[INFORMATION PROVIDED — start]
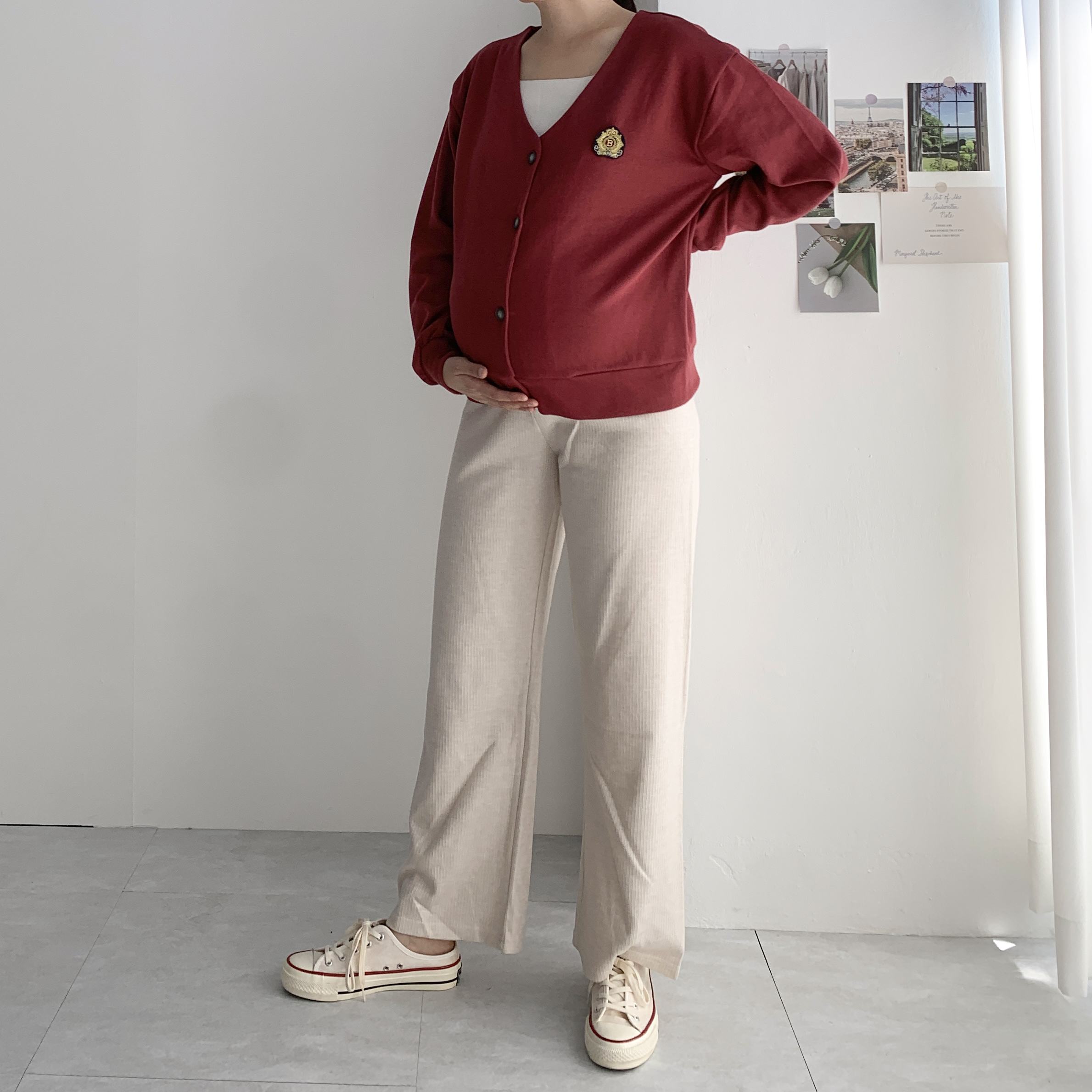 복대 임산부바지 임산부팬츠 임부밴딩팬츠 - 상세 이미지 4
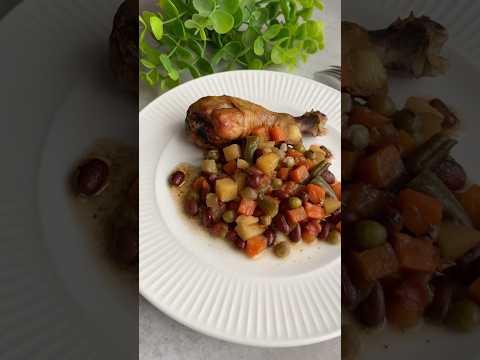 Когда нет времени готовить, а кушать хочется 😋 #быстрыйужин #курица #обед #овощи #вдуховке #рецепты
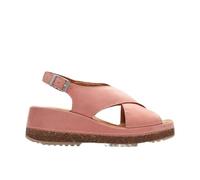 Clarks - Womens Kassanda Step Sandals, Color Peach Nubuck, Size: 7 UK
[INFORMATION PROVIDED — finish]
THE TASK: Transcribe all lines above exactly, skipping pictures.

WRITTEN ANSWER:
 복대 임산부바지 임산부팬츠 임부밴딩팬츠 - 상세 이미지 4
 Когда нет времени готовить, а кушать хочется 😋 #быстрыйужин #курица #обед #овощи #вдуховке #рецепты
 Clarks - Womens Kassanda Step Sandals, Color Peach Nubuck, Size: 7 UK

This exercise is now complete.